Céline Dion: There Are No More Problems In the Sky
She was the surprise guest at the Olympic opening ceremony: Céline Dion, almost alone in the Eiffel Tower. You have to appreciate their comeback—even without being a fan.
One doesn’t need to be a Céline Dion fan to find her comeback performance at the Olympic Games admirable. One doesn’t even need to find the Olympic Games interesting or consider the Eiffel Tower more than a tourist trap.
Céline Dion is back, at least she was for three minutes when she sang “L’Hymne à l’amour,” the song by French chanson icon Édith Piaf. It was genuine and without playback—the unmistakable voice of Céline Dion. A bright spot in the dark, rainy Parisian midnight sky.
For days, there had been speculation about Dion’s alleged two-million-dollar fee for her appearance. Would the 56-year-old Canadian, who is revered in France, really perform? France’s President Emmanuel Macron had stated he would be pleased to have Dion as a star guest at the show, but it didn’t seem realistic. Isn’t Céline Dion ill? And has lost her voice, it was said. The headlines of recent years were too tragic.

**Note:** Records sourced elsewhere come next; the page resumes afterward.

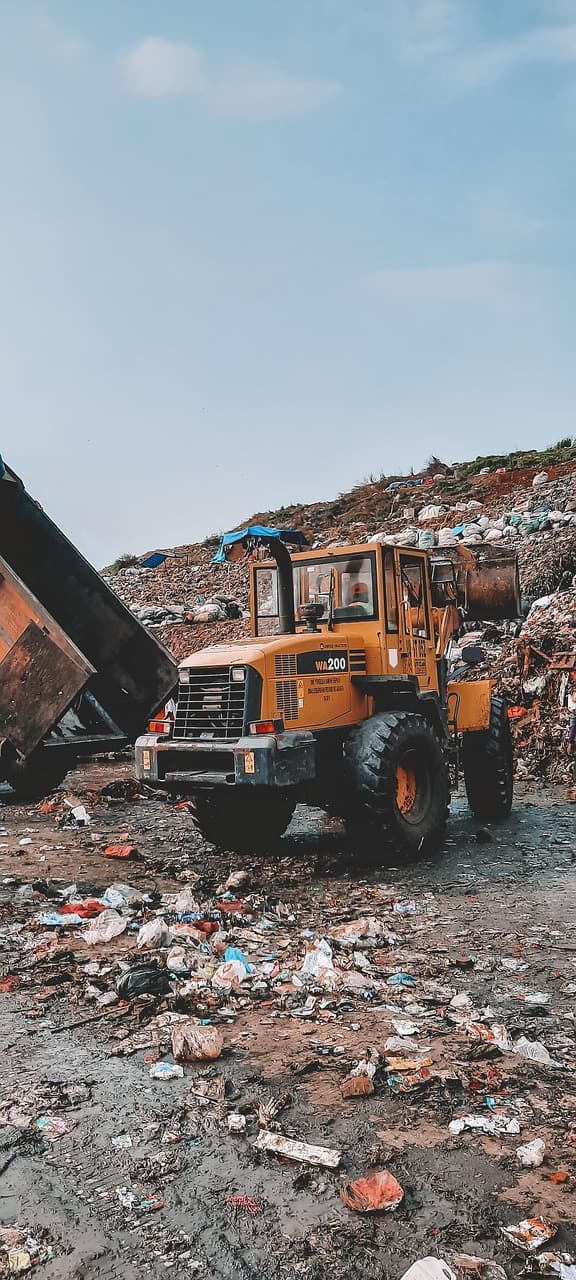 Accelerated operations workflow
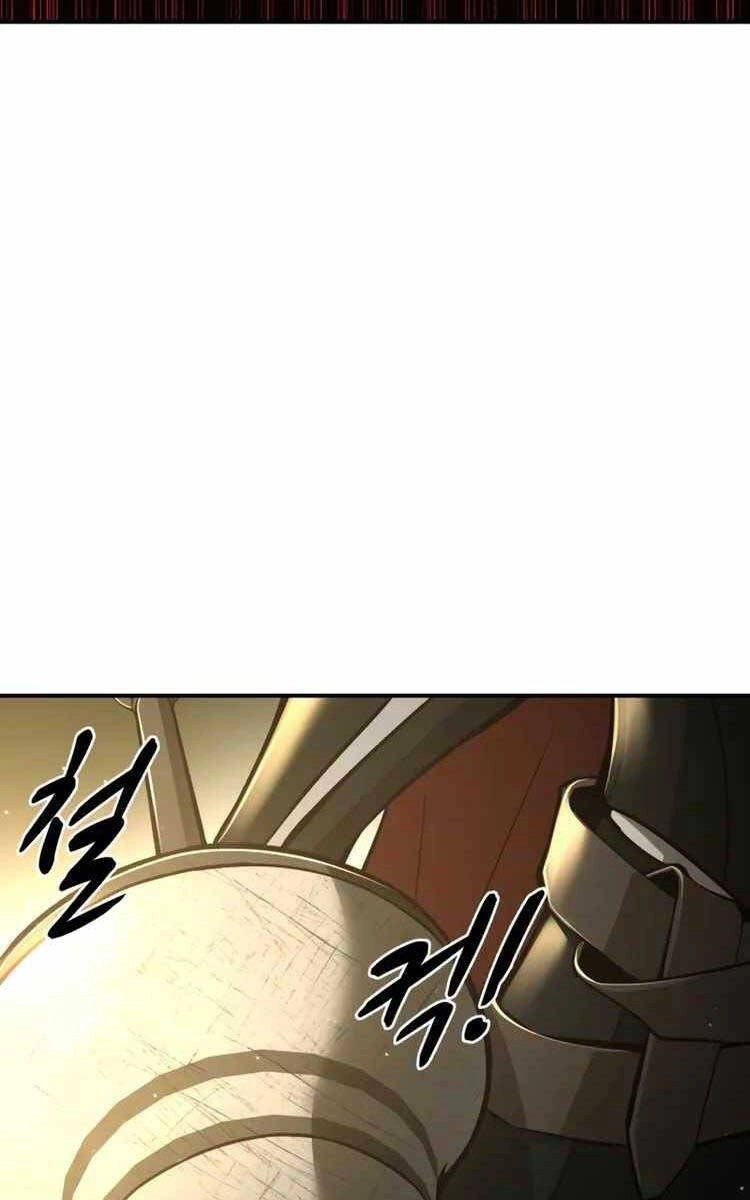 Trở Thành Hung Thần Trong Trò Chơi Thủ Thành Chapter 38 - 62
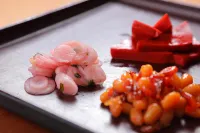 グリーンホテルYES近江八幡 - 朝食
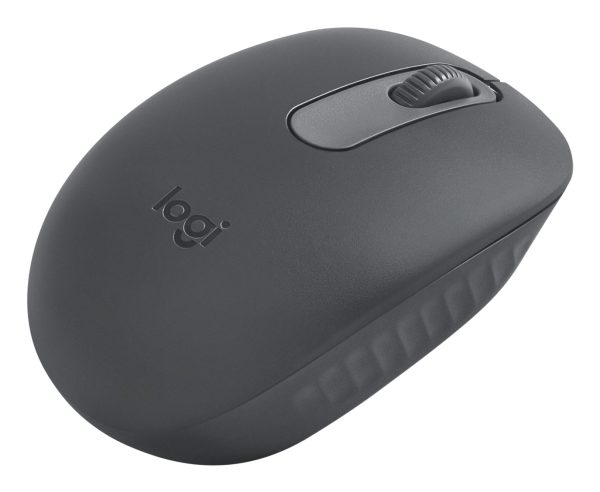 Logitech M196 - Imagen 4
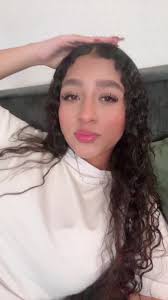 Ashley Valencia Ramos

And then, around midnight, at the end of the four-hour spectacular show on the Seine, a strong and courageous woman stood on the Eiffel Tower, someone you wouldn’t have thought could still manage a live performance.
She herself hadn’t believed it for a long time. Courage was the name of her last album in 2019, and courage is what you need when you have a rare neurological disorder: Stiff-Person Syndrome, which she described in a June TV interview with the BBC as feeling like someone is strangling you.

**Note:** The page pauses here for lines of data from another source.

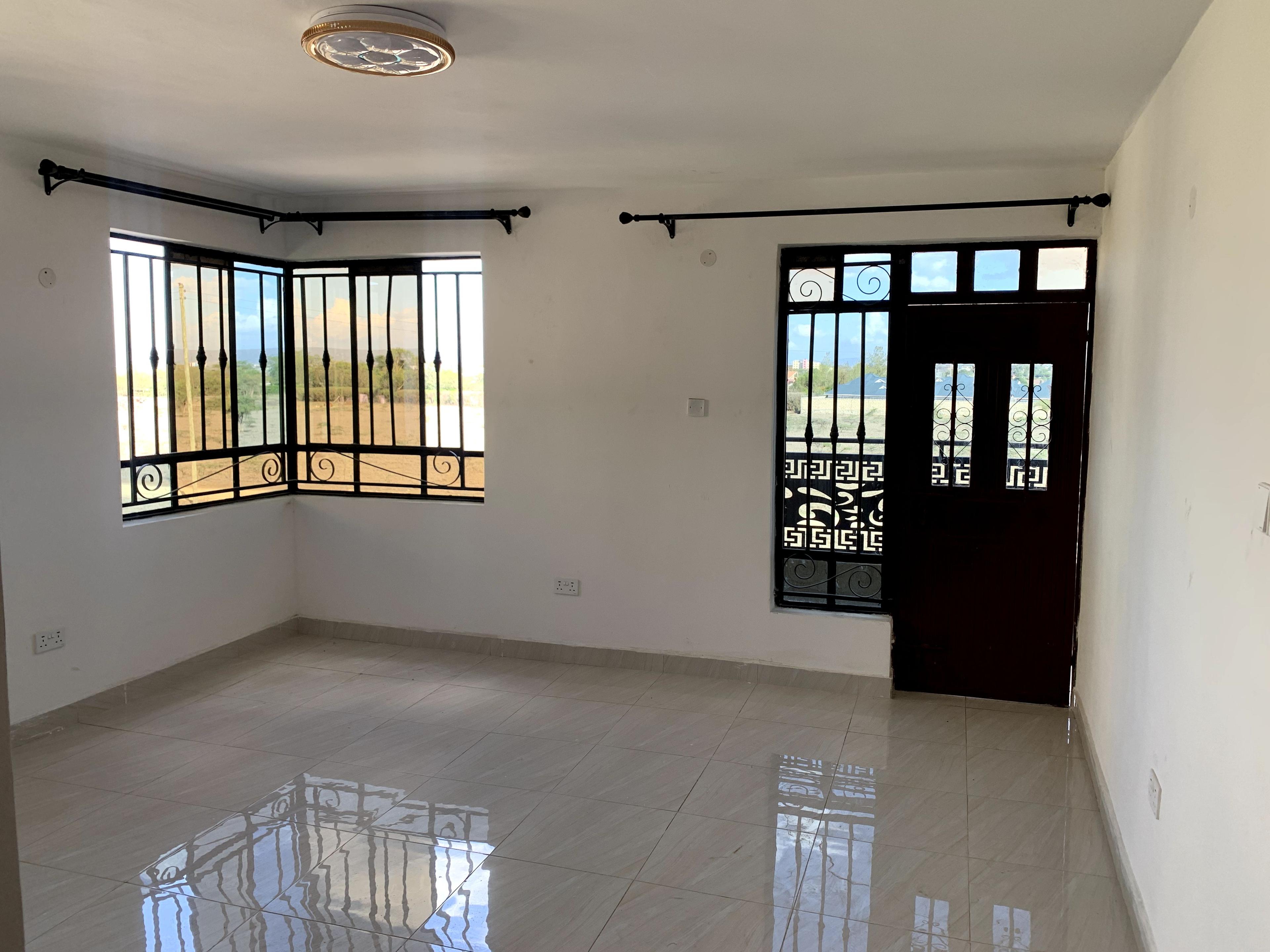 5BR HOME in Kitengela - Image 3
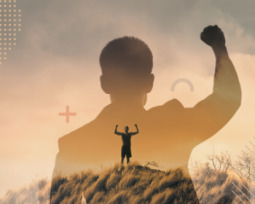 55 Quotes About Strength For Your Inner Warrior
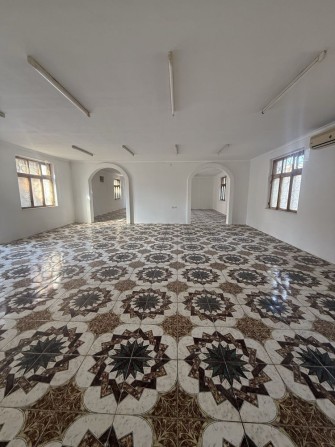 Сдам помещение Центр города Фасад - фото 1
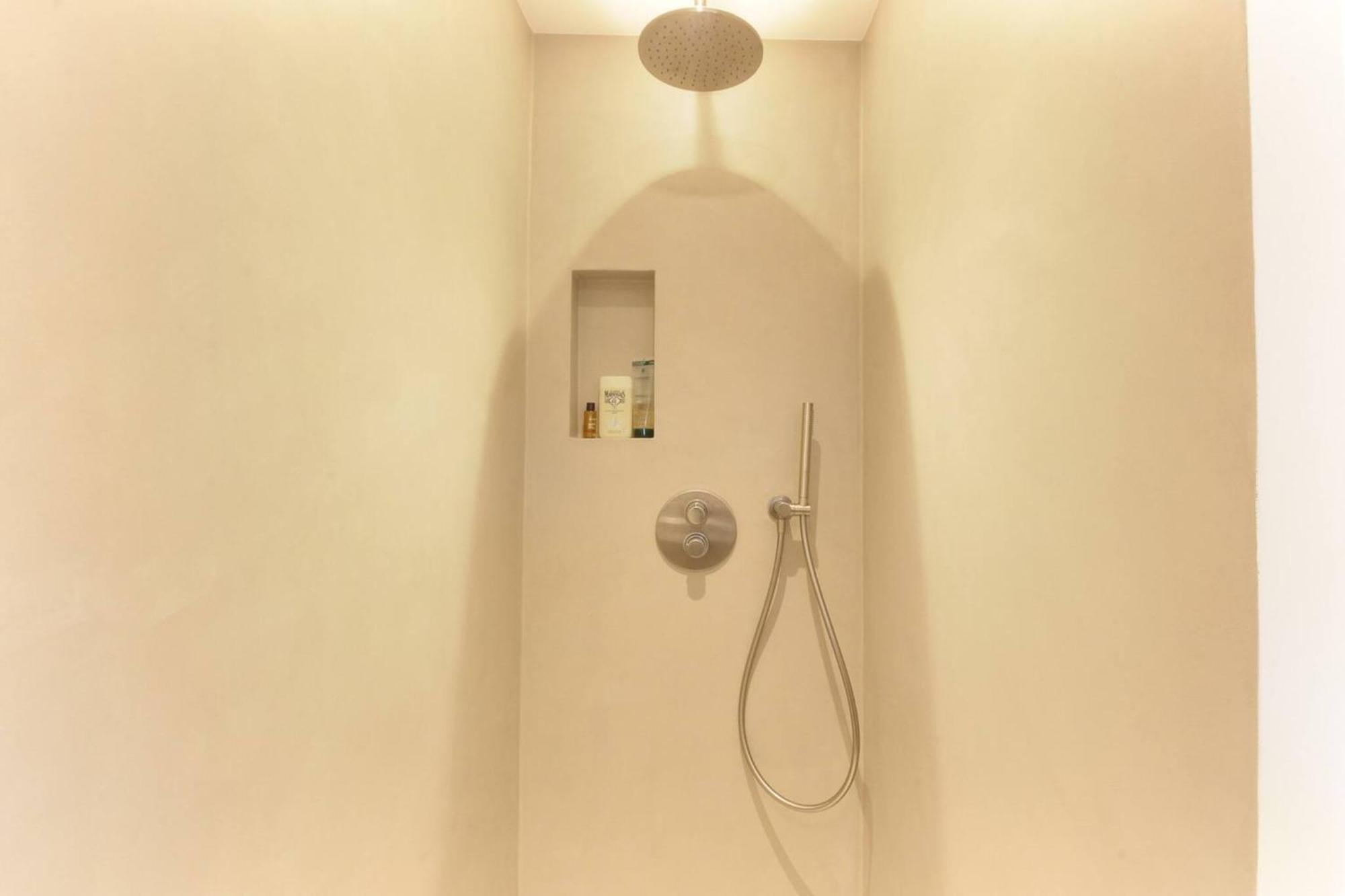 Les Gaillands Apartamento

The severe cramps, which, among other things, affected her throat and thus the area of her body where her voice resides, took away the capital of her career. Due to a rare neurological condition, she had to cancel all performances on her Courage World Tour for 2023 and 2024 and gave only a few interviews.
For 17 years, she hid the illness from her fans, only speaking about the pain for the first time in her recently released Amazon Prime documentary, I Am Céline Dion. She only went public with it when she could neither sing nor perform. Presumably an extreme psychological burden. In her documentary, she says, among other things, that it’s not hard to give a show. “What’s hard is canceling a show.”

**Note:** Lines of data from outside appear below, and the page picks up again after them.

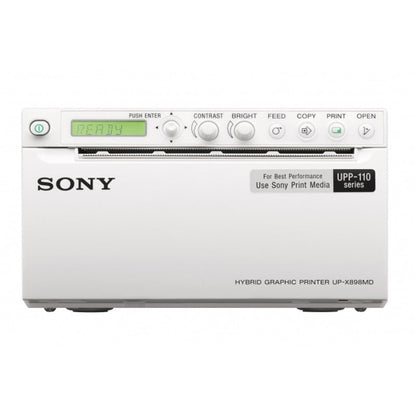 SONY UP-DR80MD A4 Digital Colour Printer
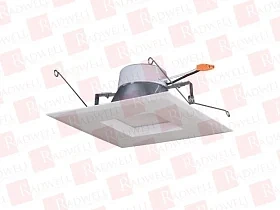 Лампа накаливания Артикул S39772 от производителя SATCO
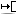 stock,fontwork,spline,indent icon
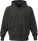 Heavy Oversize Unisex Hooded Sweater N 9307 - ps-089307-next-level-apparel-n-9307-graphit-black-front-2d75abe3-ea22-46bb-9781-eac23543bd87-web - variant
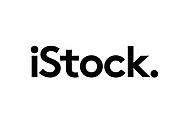 istock is also a good stock photography website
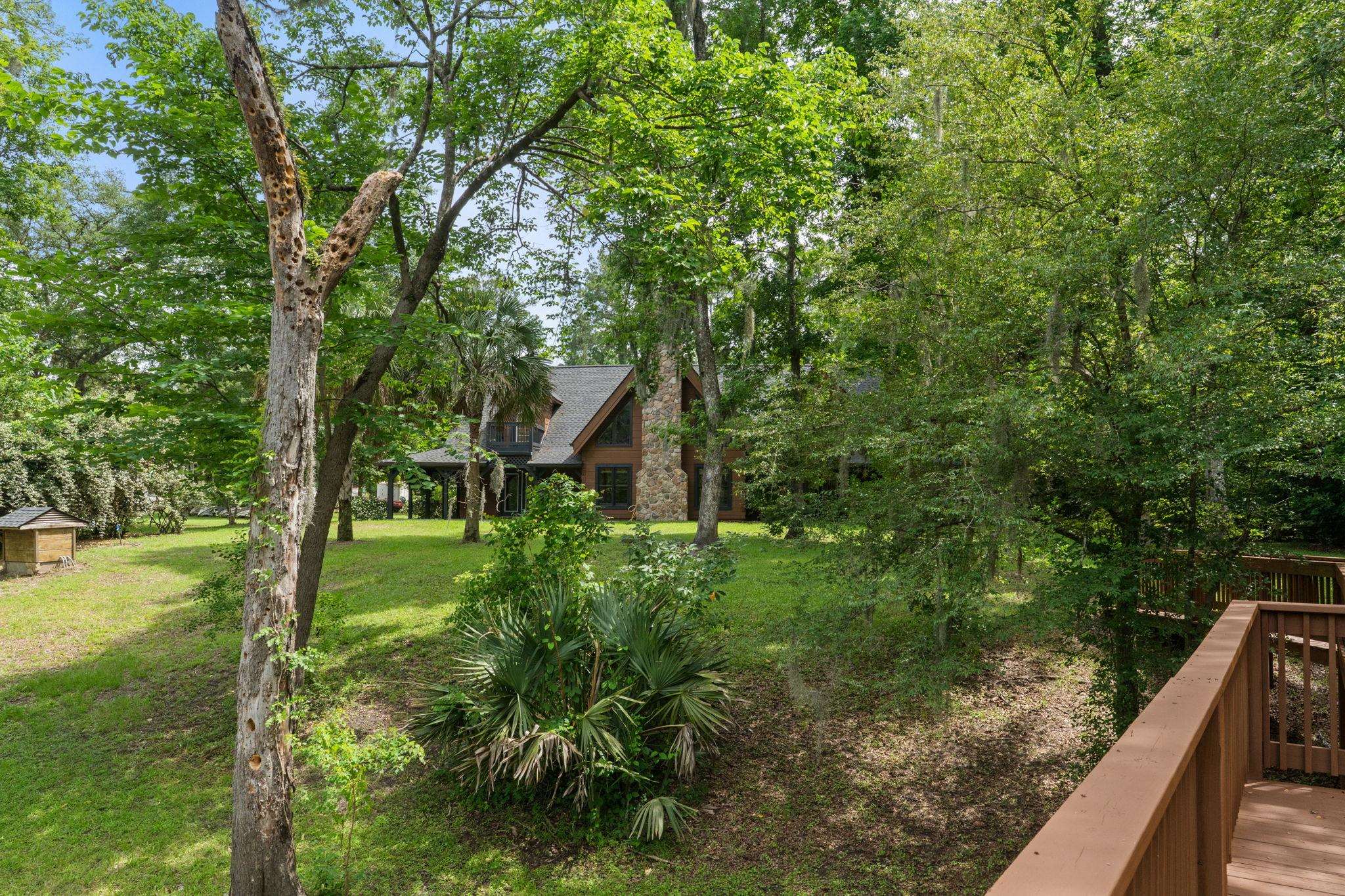 3083 Wildhorse Dr. Property Photo 64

Before her illness, Dion was one of the most successful musicians of her generation, having sold more than 250 million albums worldwide—half as many as Madonna.
For many years, her career kept going up: She became famous in the USA with the title song for the Disney film Beauty and the Beast. In 1994, her first US number-one hit, “The Power of Love,” followed her version of the legendary Jennifer Rush ballad. She became known worldwide with the Titanic soundtrack hymn “My Heart Will Go On.”
Then she disappeared—only to secretly and hard work on returning to the spotlight over the past two years. In May, she explained to Vogue about dealing with her illness: “There were only two possibilities: Either I train like an athlete and work super hard, or I switch off, and it’s over, stay at home, listen to my songs, stand in front of the mirror and sing only for myself.”
Dion and her advisors still know how good marketing works, of course, and her comeback also shows this to the heights of the Eiffel Tower. What could have been more fitting than performing at the opening of the Olympic Games in front of real athletes? And who else but Céline Dion should have sung up there in front of all of France?
And then it was also her second time being allowed to sing at an opening ceremony of the Summer Olympic Games. Back then, at the Summer Games in Atlanta in 1996, she was half as old as she is today. With a medium-length bob and a rather demure white two-piece outfit, she sang “The Power of the Dream” at that time.
What was her dream? Vogue wanted to know in May. “My goal is to see the Eiffel Tower again!” Dion replied. Was her performance perhaps already planned then? It would have been a well-guarded French state secret in any case.
She wouldn’t have stood up there on the Eiffel Tower for fame, the million-dollar fee, or even more streaming views of her documentary. Céline Dion has probably earned enough money in her career. She said in an interview that she wanted to encourage others affected by the disease.
And so one can celebrate Céline Dion’s performance for what it was: a hymn to life. And the proof of a fighter that life may sometimes be difficult.